Tepatlah kemudian jika Alquran menyitir sifat manusia yang
umumnya suka mengeluh, sebagaimana tersebut di dalam firman-Nya, "Sungguh,
manusia diciptakan bersikap suka mengeluh. Apabila dia ditimpa kesusahan dia
berkeluh kesah, dan apabila dia mendapat kebaikan (harta) dia jadi kikir."
(QS. Al-Ma'arij: 19-21).
Namun Alquran mengajarkan kepada kaum muslimin untuk
mempertahankan posisi normal dalam keadaan apa pun, baik suka maupun duka, baik
tertimpa musibah ataupun dianugerahi kebahagiaan.
Hal tersebut karena posisi normal mengisyaratkan ketenangan
dan kerelaan seseorang atas takdir yang ditentukan Allah, yang menunjukkan pula
kuatnya iman. Lebih dari itu, posisi normal menjadikan seseorang dapat tetap
berpikir logis dan pengendalian diri dengan baik.
Adalah merupakan kewajiban kaum muslimin untuk bersikap
sabar dalam menghadapi musibah dan bersyukur saat mendapat anugerah. Hal
tersebut karena seorang Muslim yakin bahwa kejadian apapun di bumi dan langit
tidak akan terlepas dari takdir Allah SWT serta apa pun bentuk kejadiannya bagi
Allah SWT merupakan suatu hal yang amat mudah.
Sehingga seorang Muslim harus senantiasa berbaik sangka
terhadap Allah, sedangkan yang dilakukannya tidak lebih sekedar berikhtiar atas
apa yang dapat dilakukan. (QS. Al-Hadid: 22). Sikap seorang Muslim tersebut
merupakan respons positif dalam mengatasi sifat alamiah manusia yang umumnya
mengeluh pada saat susah dan kikir saat mendapat anugerah.
Sikap tersebut merupakan modifikasi dari sifat
alamiah-negatif menjadi progresif-positif dengan tujuan agar kaum muslimin
tidak sampai bersedih hati dalam menghadapi masalah hingga berujung pada sikap
putus asa.
Sebaliknya, jika anugerah yang diberikan oleh Allah, maka
seorang mukmin tidak boleh pula terlalu gembira yang berujung pada sikap
sombong dan lupa diri. (QS. Al-Hadid: 23). Sikap moderat inilah yang ditekankan
Alquran dalam banyak kesempatan sehingga dengan kemoderatannya seorang muslim
tetap dalam kondisi normal.
Sikap moderat tersebut sekaligus sebagai bentuk antitesa
terhadap sikap orang-orang munafik yang sering berada pada satu titik ekstrem,
yaitu berjanji beriman kepada Allah sebelum mendapat anugerah dan bersikap
kikir saat mendapatkannya. (QS. At-taubah: 75-77).
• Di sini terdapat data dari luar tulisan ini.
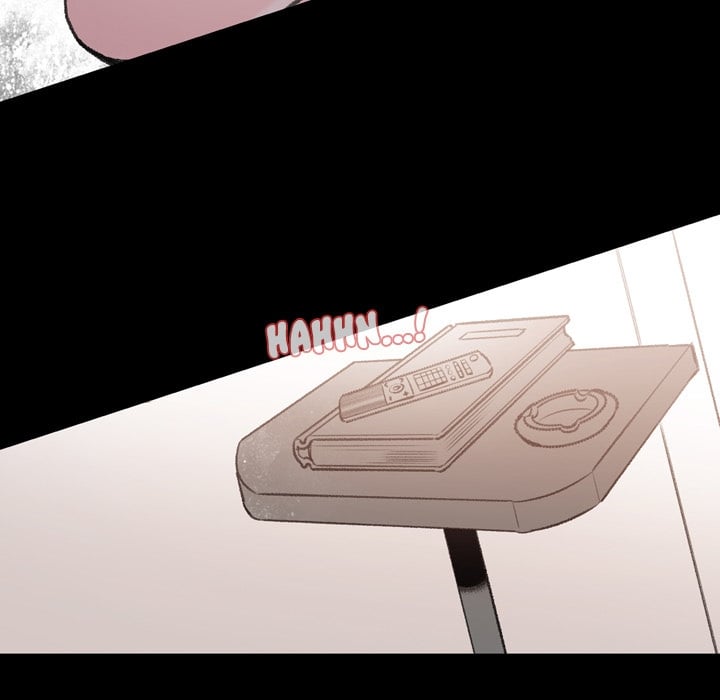 Say You Like it - Chapter 2 92 Say You Like it - Chapter 2 92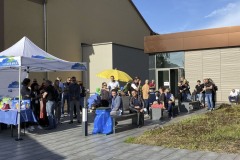 TWFL_Bildergalerie_29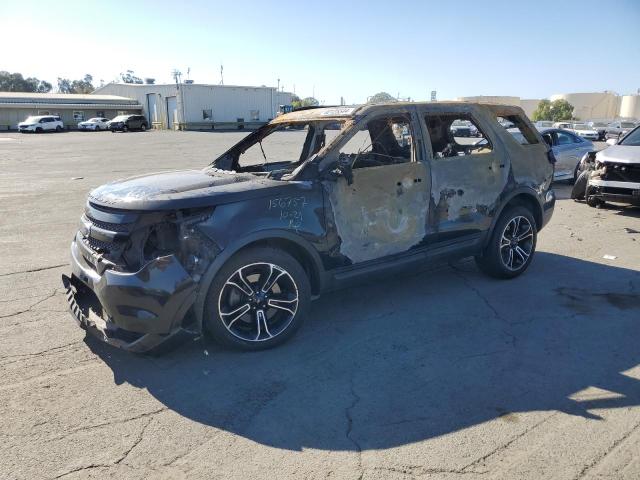 ford explorer s 2015 1fm5k8gtxfga01859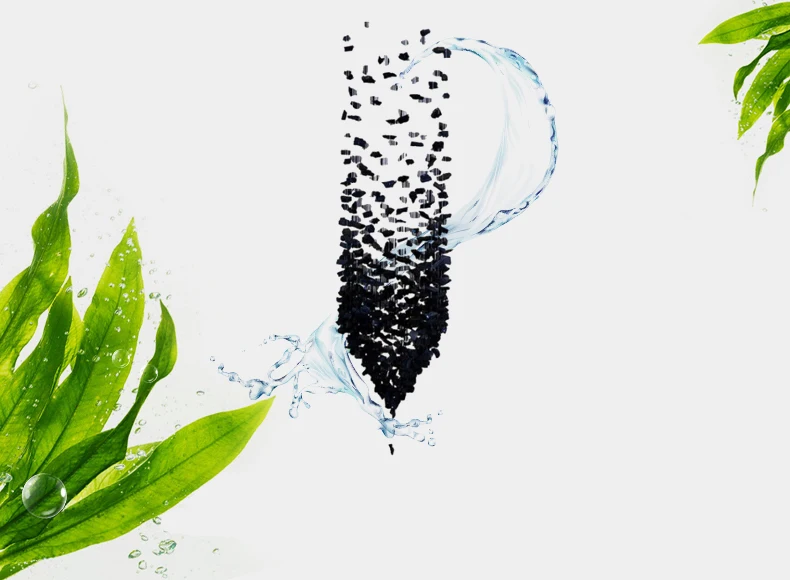 TB29kxKgFXXXXaGXXXXXXXXXXXX_!!2622559430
Dengan demikian seorang Muslim hendaknya senantiasa memiliki
keyakinan kuat bahwa nasib dari perjalanan hidupnya adalah takdir Allah dan
kewajiban dirinya adalah berikhtiar dengan sekuat tenaga dan sebaik-baiknya
usaha (QS. Al Mulk: 2). Kedua, memiliki prasangka baik terhadap Allah SWT atas
takdir apapun pada dirinya.
Ketiga, berusaha untuk bersikap moderat dalam keadaan apa
pun dan terus berusaha menjadi lebih baik, sehingga tetap mampu berpikir normal
dan kritis serta tidak terbawa oleh penderitaan atau terlena oleh kenikmatan.
Keempat, memiliki
visi untuk senantiasa bersyukur atas nikmat yang diberikan Allah dan bersabar
kala menerima cobaan serta yakin bahwa nikmat yang diberikan Allah jauh lebih
banyak dari cobaan yang diterima. Wallahu a'lam.